Pub Date: Jan. 22nd, 1989
Publisher: Doubleday

Clever neo-Hitchcockian thriller--wherein a killer stalks the witnesses to his decades-old crime--by the pseudonymous author of the paperback John Wells mystery series and, under his real name of Andrew Klavan, the mainstream novels Face of the Earth (1980), Son of Man (1988), and Darling Clementine (1988). Peterson constantly confounds expectations here, beginning with narrator Michael North, who, like so many contemporary fictional heroes, is a hip young writer living on N.Y.C.'s Lower East Side.
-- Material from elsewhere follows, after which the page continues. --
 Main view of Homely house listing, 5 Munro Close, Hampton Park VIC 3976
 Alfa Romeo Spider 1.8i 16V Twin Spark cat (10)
But budding journalist Michael's an is true crime, not fiction, so it's like flame to a moth when he learns that Susannah McGill--his new lover, his boss' daughter--and he share a subconscious terror of a presumably imaginary scarred man, a vicious killer. That revelation causes Susannah to flee from Michael in hysteria; he shares her fright when, months later, he visits her at college and spots the scarred man incarnate--who then tracks down the couple in N.Y.C. and tries to shoot them dead. But that's not the worst of it. A little digging shows Michael that he and Susannah aren't just lovers: they're brother and sister, separated orphans of a couple murdered 20 years before--by the scarred man? More digging takes the now-platonic duo back to their Indiana hometown, site of the murder--which, they learn, was reported on by Susannah's newspaperman dad. What's his role in all this? And what about the retarded black man wrongly convicted of the murder and about to die in the electric chair? Can the duo save him before the scarred man tracks them down, rubbing out the only witnesses to his crime? Suspense grows, major surprises flow freely as the past washes over the present, forcing a violent climax that sees the two reenact the mysterious night of the killing--and unveil its weird solution. A speed-read that skids on patches of overwrought prose (""He couldn't kill me . . .It had been ordained in the soul of revenge from the beginning,"" etc.) but never loses its twisty, entertaining way.